- _What to work on_:
Every line below from the one with "Обложка книги The" through the one with "Hometown Police 142712955X Book Cover" is to be repeated exactly, with no picture among them.

(Stored data)
• • • •

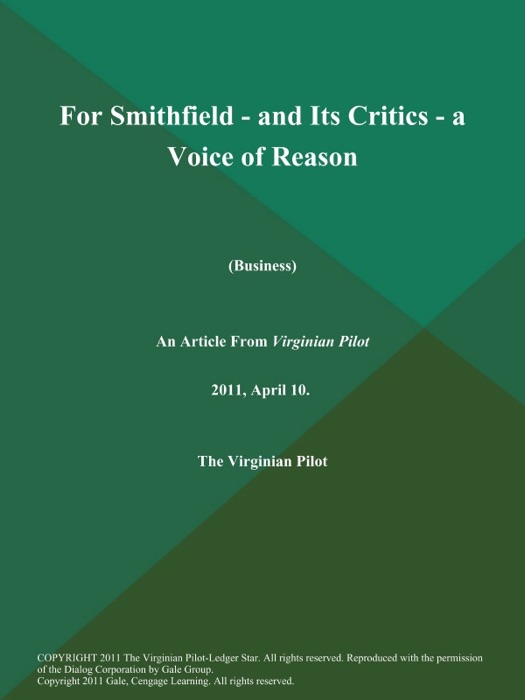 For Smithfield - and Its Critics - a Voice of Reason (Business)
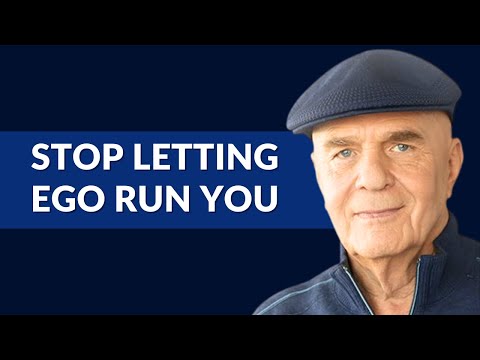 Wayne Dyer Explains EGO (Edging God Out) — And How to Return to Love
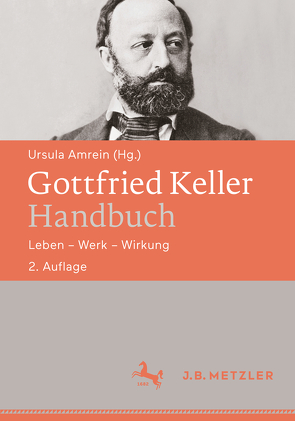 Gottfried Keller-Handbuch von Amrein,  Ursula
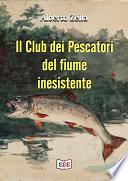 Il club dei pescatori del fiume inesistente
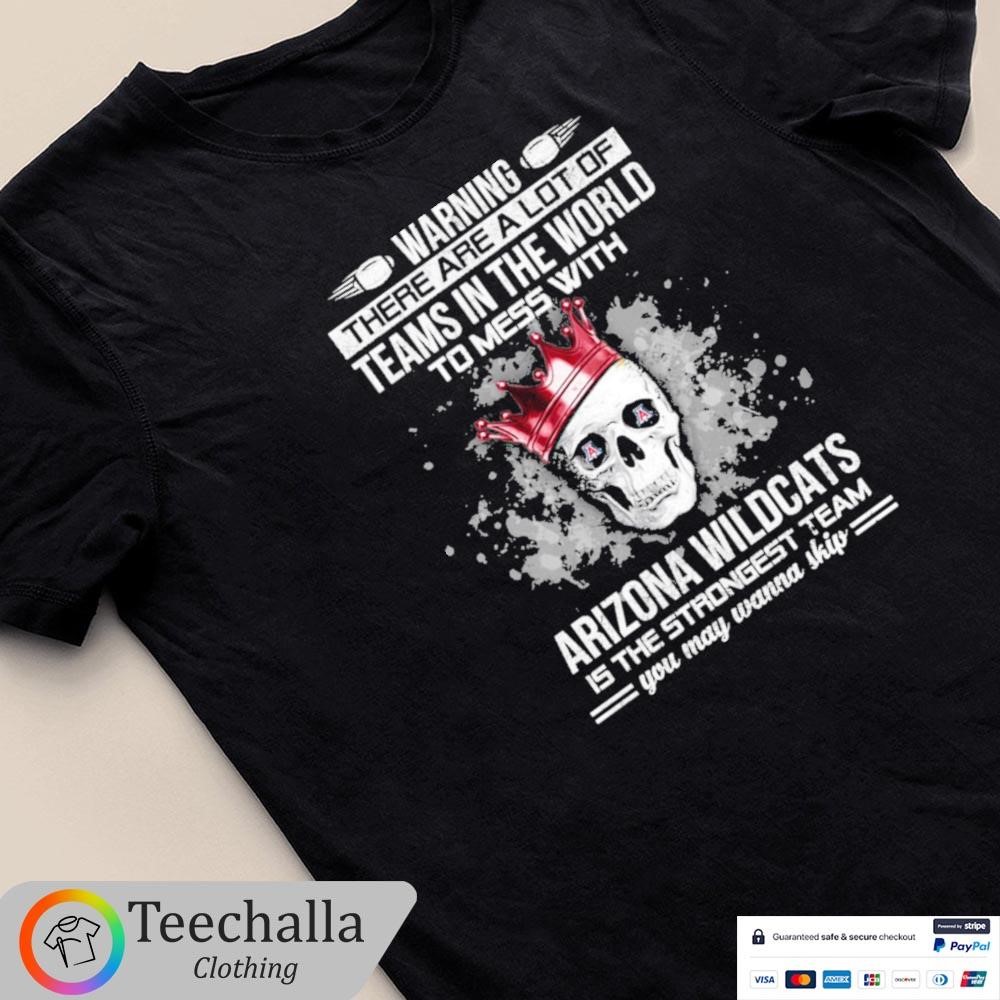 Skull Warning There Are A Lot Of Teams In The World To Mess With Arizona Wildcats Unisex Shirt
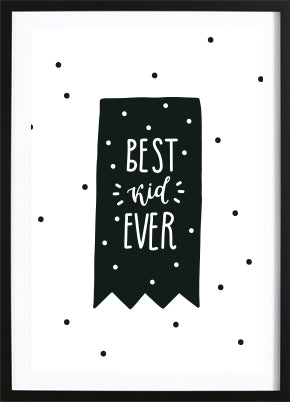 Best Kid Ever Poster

• • • •

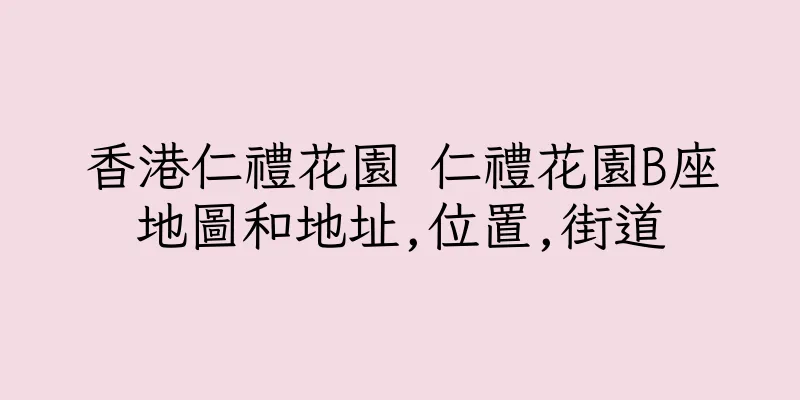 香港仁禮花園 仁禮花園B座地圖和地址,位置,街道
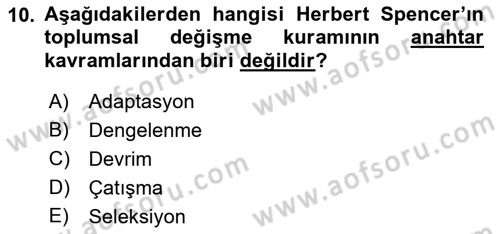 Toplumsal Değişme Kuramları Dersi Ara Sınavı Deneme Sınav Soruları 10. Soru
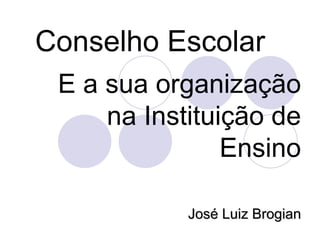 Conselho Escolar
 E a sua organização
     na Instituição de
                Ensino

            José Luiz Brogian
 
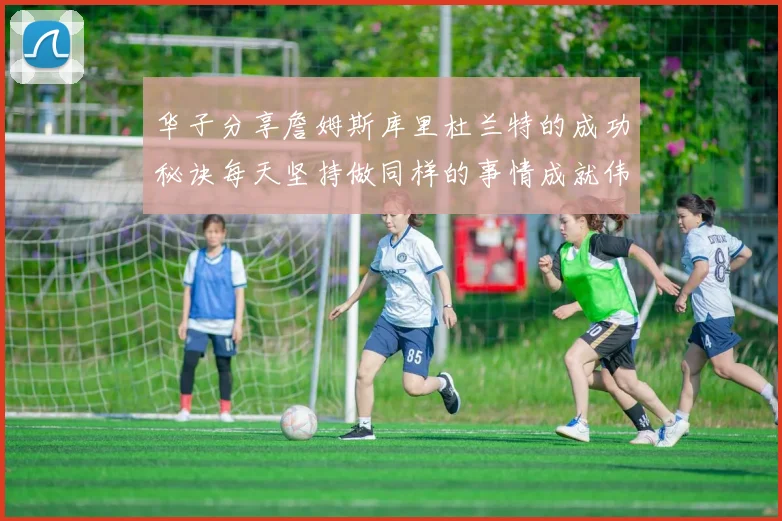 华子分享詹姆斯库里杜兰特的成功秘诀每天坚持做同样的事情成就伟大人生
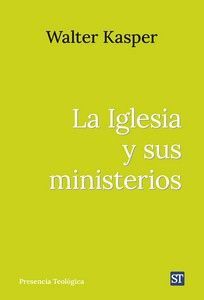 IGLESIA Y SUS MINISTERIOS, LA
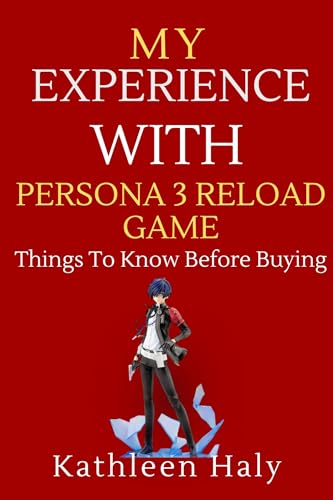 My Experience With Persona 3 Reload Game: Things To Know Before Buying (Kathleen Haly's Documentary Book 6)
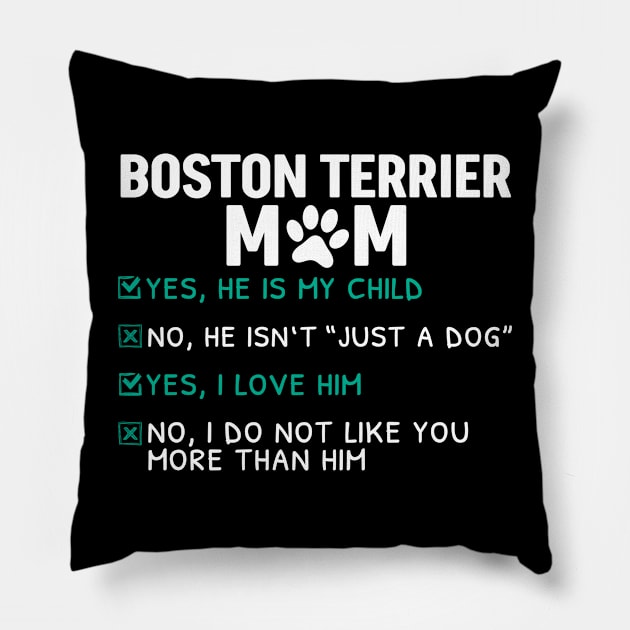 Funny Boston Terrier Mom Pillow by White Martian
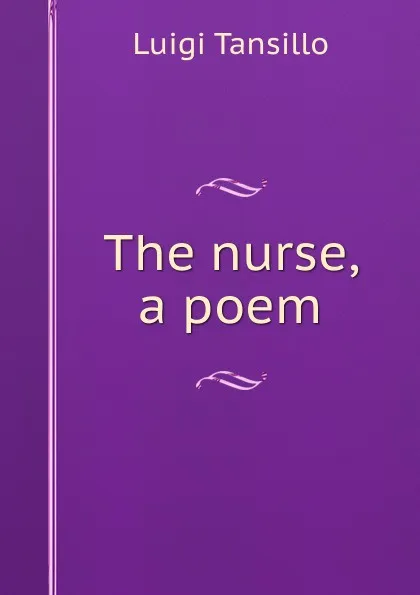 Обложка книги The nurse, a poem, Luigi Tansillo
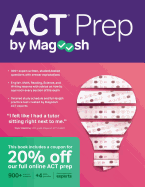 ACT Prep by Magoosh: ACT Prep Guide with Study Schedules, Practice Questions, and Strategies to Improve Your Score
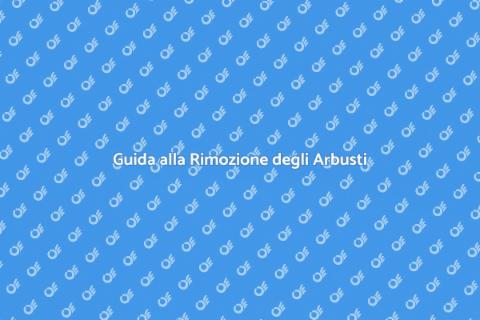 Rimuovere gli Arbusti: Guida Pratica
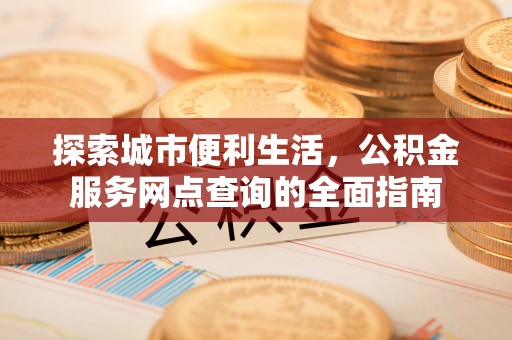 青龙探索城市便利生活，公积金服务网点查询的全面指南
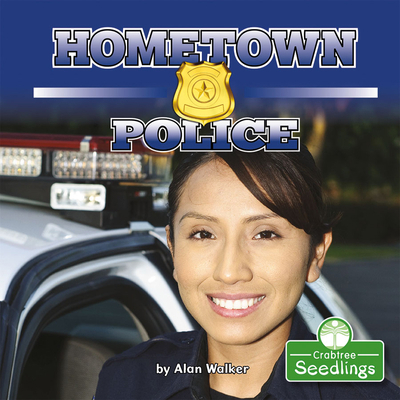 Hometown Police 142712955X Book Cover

• • • •

- _Solved problem_:
 Обложка книги The nurse, a poem, Luigi Tansillo
 ACT Prep by Magoosh: ACT Prep Guide with Study Schedules, Practice Questions, and Strategies to Improve Your Score
 Rimuovere gli Arbusti: Guida Pratica
 青龙探索城市便利生活，公积金服务网点查询的全面指南
 Hometown Police 142712955X Book Cover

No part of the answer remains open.